Hi Yah - ........ umm wers the ladies :?: :?: 8)


----------



## taffaej (Mar 27, 2012)

Nice job. I think they are the perfect size.


----------



## Henrikb (Mar 27, 2012)

I have tears in my eyes, they are beautiful.

Henrik


----------



## joem (Mar 27, 2012)

Hi Jack
Send me the original picture of the three in your hand so I can add it to the GRF calendar I'm making.
And Anyone else who has good quality not blurry pictures you want to send
[email protected]


----------



## jack_burton (Mar 27, 2012)

joem said:


> Hi Jack
> Send me the original picture of the three in your hand so I can add it to the GRF calendar I'm making.
> And Anyone else who has good quality not blurry pictures you want to send
> [email protected]



Sent!


----------



## rich_2137 (Mar 27, 2012)

Wow hope I will have some buttons like that one day, very nice, well done

Rich


----------



## markmopar (Mar 27, 2012)

Wow! Those look fantastic!


----------



## kadriver (Mar 28, 2012)

Very nice. Your client will be well pleased.


----------



## Geo (Mar 28, 2012)

KADRIVER!!! where have you been buddy? people was starting to worry. glad to see you back. 8)


----------



## glorycloud (Mar 28, 2012)

Joe, will there be a reject section for your calendar of gold buttons?
If so, I have lots of high quality pictures of some of my misformed, yet always interesting "creations". Anyone can do round. How dull! :lol:


----------



## joem (Mar 28, 2012)

glorycloud said:


> Joe, will there be a reject section for your calendar of gold buttons?
> If so, I have lots of high quality pictures of some of my misformed, yet always interesting "creations". Anyone can do round. How dull! :lol:



As long as it is a good quality ( not web) photo of interesting ( re: beautiful) computer scrap or final result I can consider it to fit.


----------



## publius (Mar 28, 2012)

kadriver said:


> Very nice. Your client will be well pleased.
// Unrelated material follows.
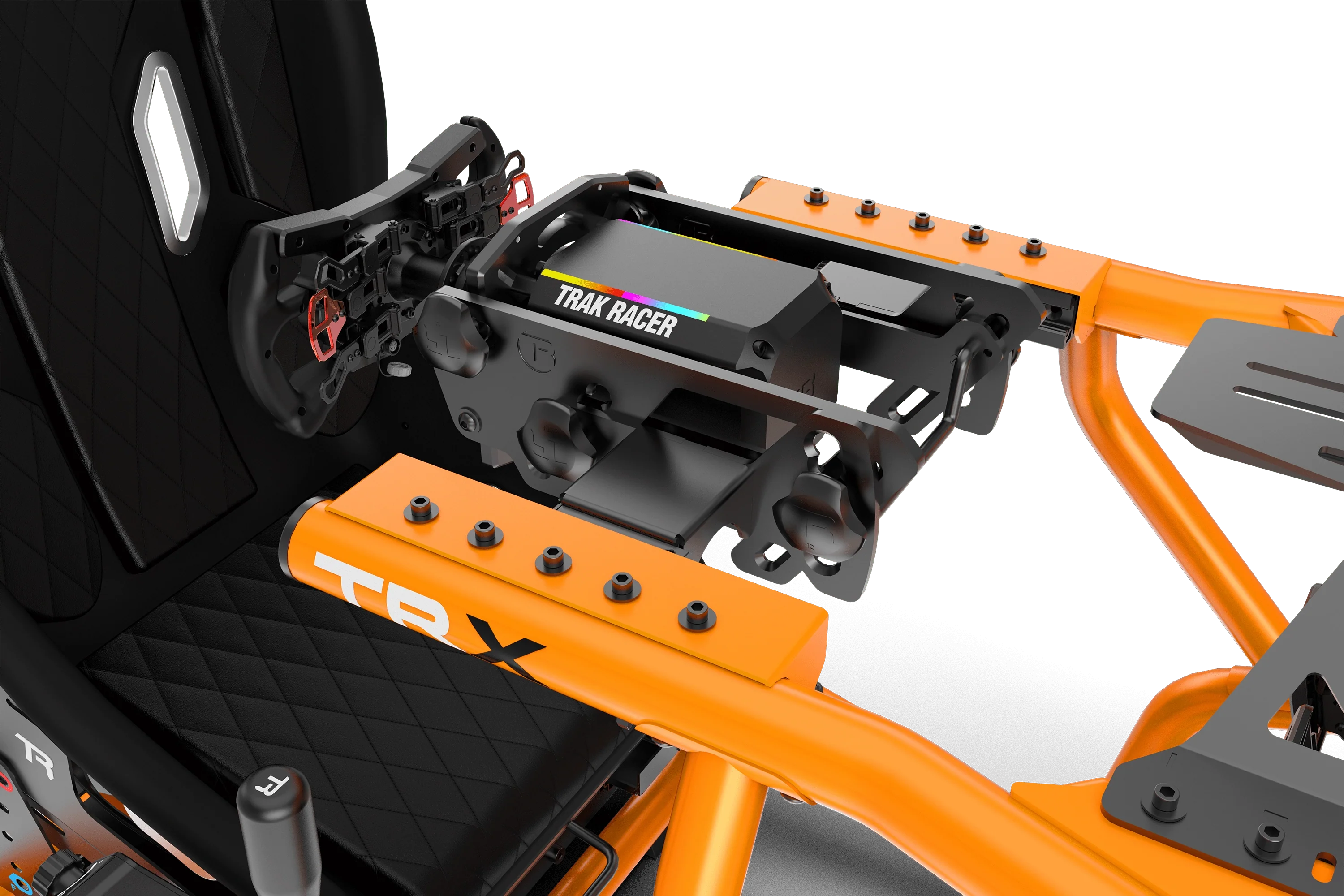 Trak Racer Alpine Racing TRX V2 Racing Simulator | Sunset Orange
I spoke to his client and she is thrilled!!! And I do mean thrilled!!!


----------



## Palladium (Mar 28, 2012)

Geo said:


> KADRIVER!!! where have you been buddy? people was starting to worry. glad to see you back. 8)



Same here.


Very nice Jack !!!


----------



## cleanbucket1 (Mar 30, 2012)

Cant get any better than that. They resemble Jessica Alba, Venessa Marcil and Angelina Jolie, but hotter


----------



## kadriver (Apr 2, 2012)

Sorry I've been absent from the forum.

I have been very busy - still refining!

I kind of got wound around the axle with the PGMs.

Plus, my hobby has turned into a job, just like you all said it would.

Glad folks missed me - Thanks!

kadriver


----------